Recently I posted about GIS and why I love it, and I hope one of the major takeaways is that GIS is a field based on mapping abstractions onto the real world and a great way to quickly discover the complexities and difficulties inherent in doing so. This post is a lot wider than GIS, but we’ll use it as a leaping off point.
Coastline Paradox
One of my favourite examples of why mapping abstractions to reality is Hardâ„¢ is the coastline paradox1. You can test this yourself: look at a map of the world in a kid’s geography textbook and measure the coastline of Western Australia with some string you’ll arrive at an answer. But if you take a bigger, more detailed map of WA from your local suburban chippy (the culturally required one with all the local varieties of fish on it) and do the same you’ll get a larger answer as your string has to weave in and out of promontories and inlets that weren’t visible at the lower resolution. You can keep doing this with more detailed maps and find the longer your coastline becomes and now you see how this helped inspire Benoit B. Mandelbrot’s work in the field of fractal geometry (protip: the “B.” in his name stands for “Benoit B. Mandelbrot”).
In fact, the only way to precisely and accurately measure the exact coastline of WA (or some other, lesser state) would be to have a map that is equivalent to the size and detail of Australia itself down to every grain of sand. Even then, it would only be accurate for the exact period of time it represented. Wherein we find the root of the problem of mapping abstractions to reality:
The perfect abstraction that entirely encapsulates a real object would be no different from the object itself.

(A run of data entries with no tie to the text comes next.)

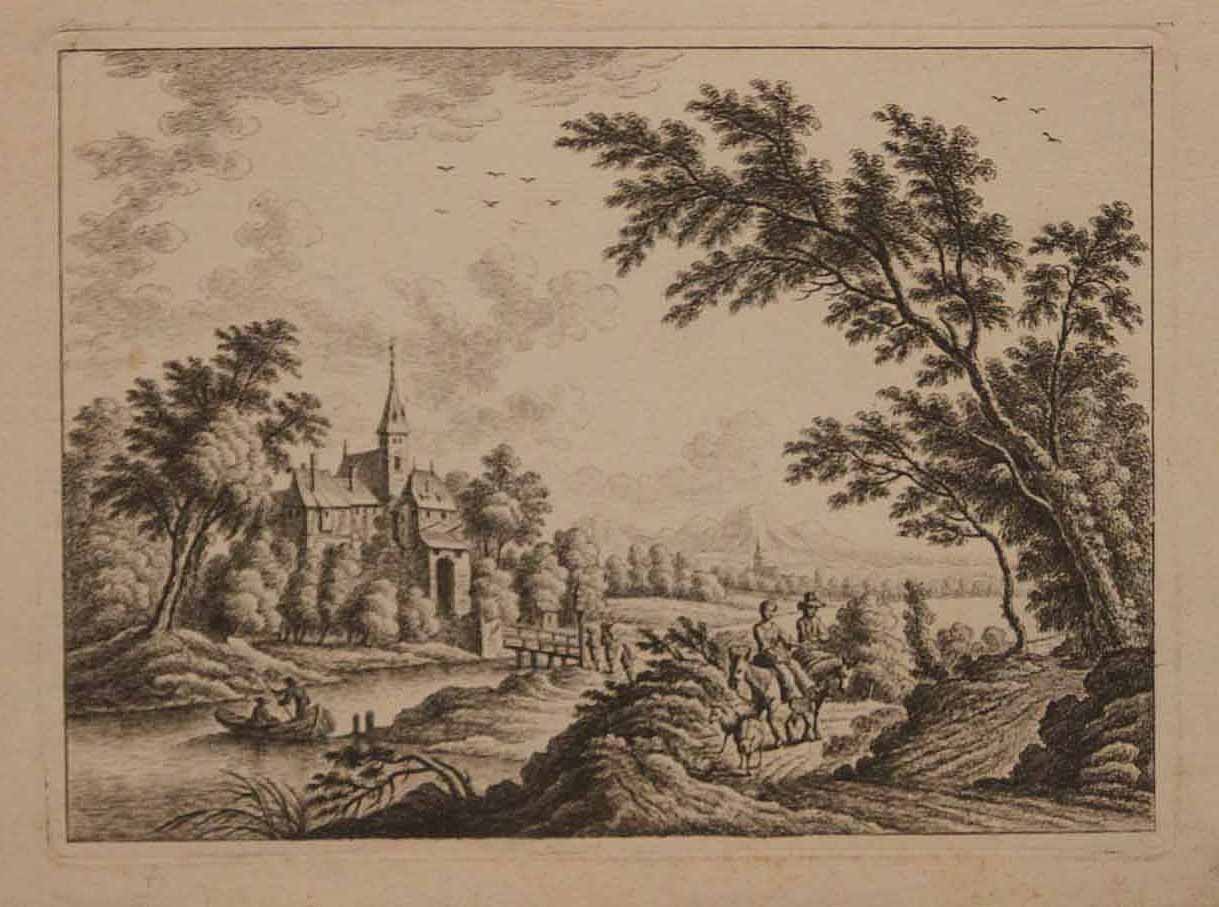 Paysage.[Couple de bergers à dos de deux ânes se promenant près d'un cours d'eau]. 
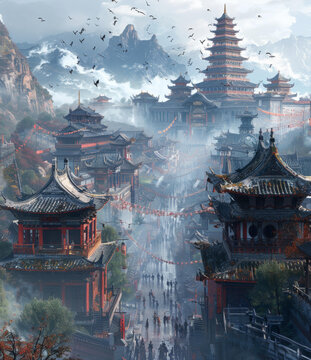 中國古代城市朦朧煙雨圖景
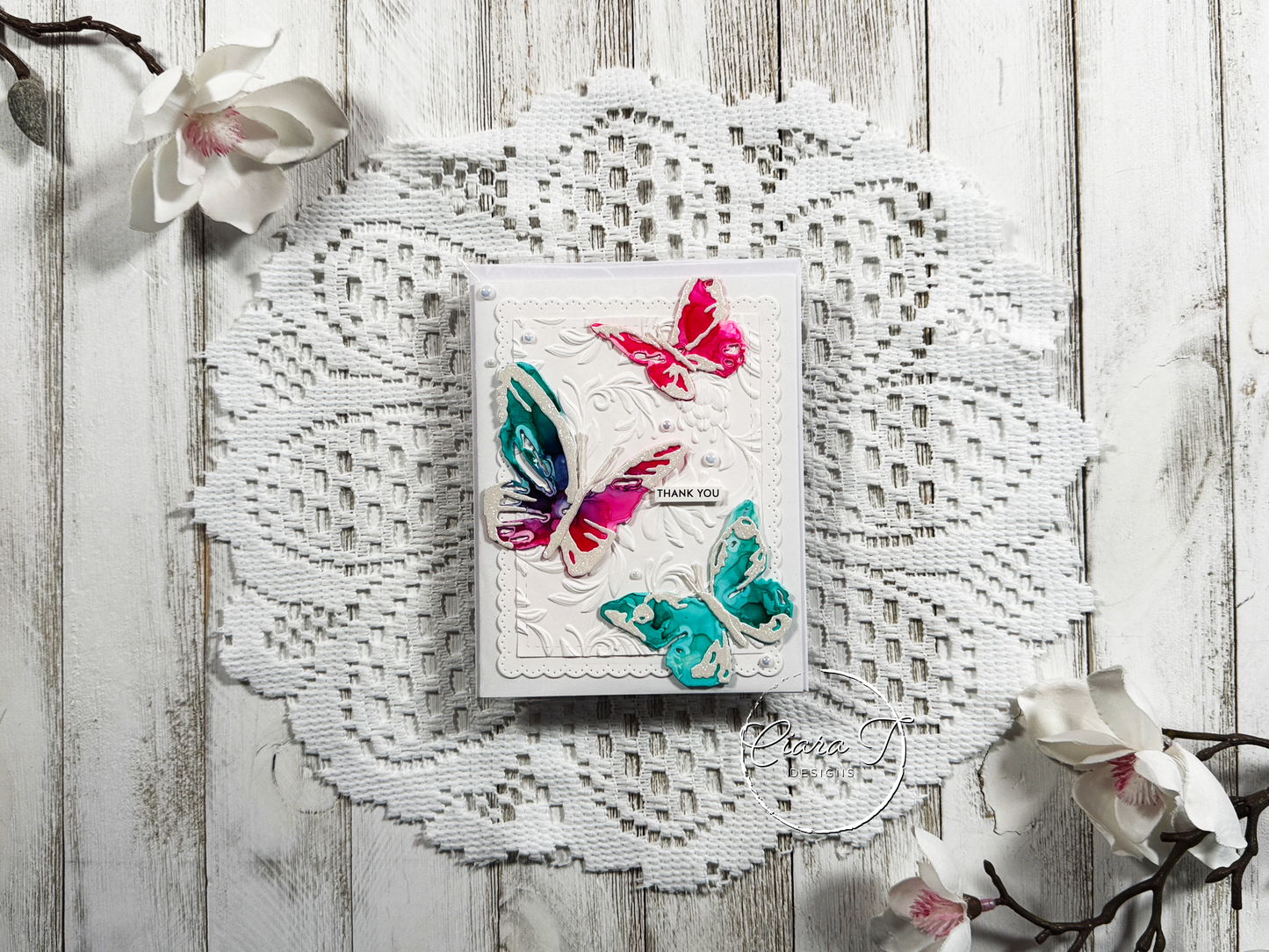 Alcohol Ink Butterfly Thank You Card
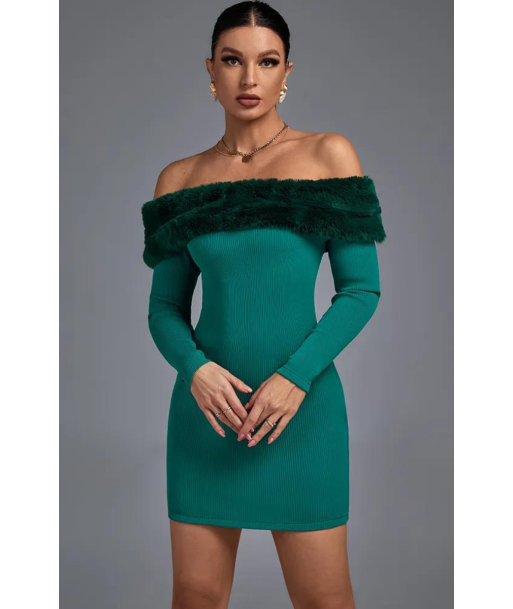 Robe Bustier Courte évasée verte Véritable concentré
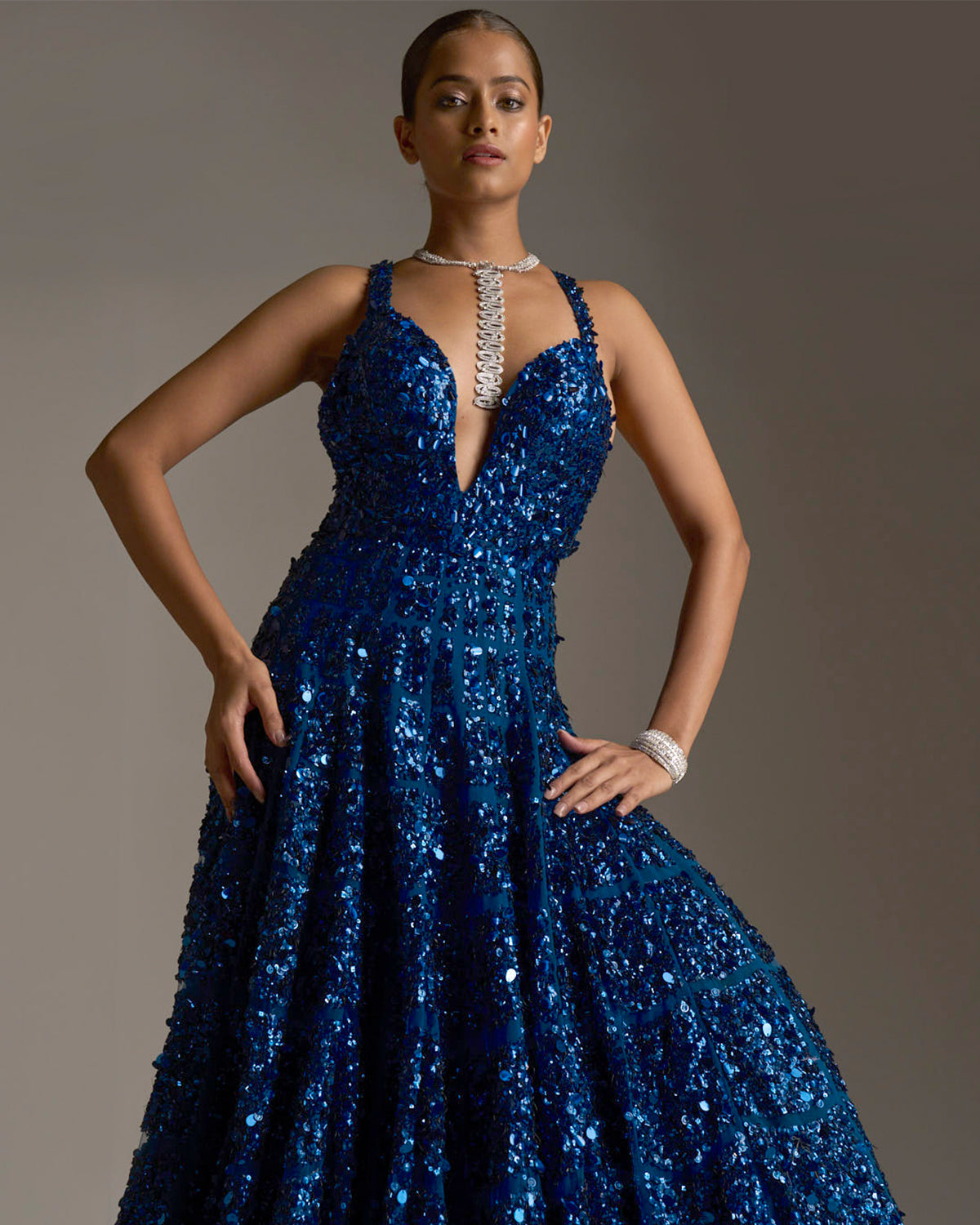 Royal Blue Sequins V-Neck Lace-Up Mermaid Long Prom Dress – Dreamdressy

Based upon our discoveries in my previous post this leads to another important lesson for anyone building systems:
Every system that represents real objects in abstract must make trade-offs between accuracy and efficiency and it is of critical importance that these tradeoffs are identified and understood.
Medical Records Are Not Medical Health
Now let’s step away from GIS for a bit with another example: A medical record is not an accurate representation of the health of an individual.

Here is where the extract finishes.